Meanwhile, US President Barack Obama promised to 'spare no effort' in investigating the killings.

The bus was transporting a Security Forces team assigned to RAF Lakenheath from the airport to the US Air Force's Ramstein base. They were on their way to support overseas military operations.

RAF Lakenheath in Suffolk is home to the 48th Fighter Wing, the only F-15 fighter wing in Europe. It employs some 4,500 active-duty military members, as well as 2,000 British and US civilians.

German chancellor Angela Merkel expressed sympathy for the victims and their families and pledged that Germany would do everything in its power to investigate the crime.

'It is a terrible event,' she said.

The German news agency DAPD quoted Mr Rhein, the security minister who rushed to the scene of the shooting, as saying there were no indications of a terrorist attack.

However, a member of the US House homeland security committee, Patrick Meehan, said in Washington that it looked like a terrorist attack. He said he did not have all the facts yet and was still being briefed.
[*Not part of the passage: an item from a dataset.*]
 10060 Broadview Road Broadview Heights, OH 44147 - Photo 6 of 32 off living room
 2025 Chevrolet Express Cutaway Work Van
At Frankfurt airport, taxi cab driver Salimi Seraidon was sitting at a stand about 200 yards away when the attack took place and said it was over quickly as police rushed to the scene.

'We just heard the shots,' he said.

Kosovo interior minister Bajram Rexhepi identified the suspect as Arif Uka, a Kosovo citizen from the northern town of Mitrovica.

'This is a devastating and a tragic event,' Mr Rexhepi said. 'We are trying to find out whether this was something that was organised or what was the nature of the attack.'

The bus was transporting a security forces team assigned to RAF Lakenheath from the airport to the US Air Force's Ramstein base. They were on their way to support overseas military operations.

Mitrovica is best known for the ongoing ethnic division between majority ethnic Albanians and minority Serbs. The former mining town, however, has also been the focus of reports that it breeds radical Islamic extremists.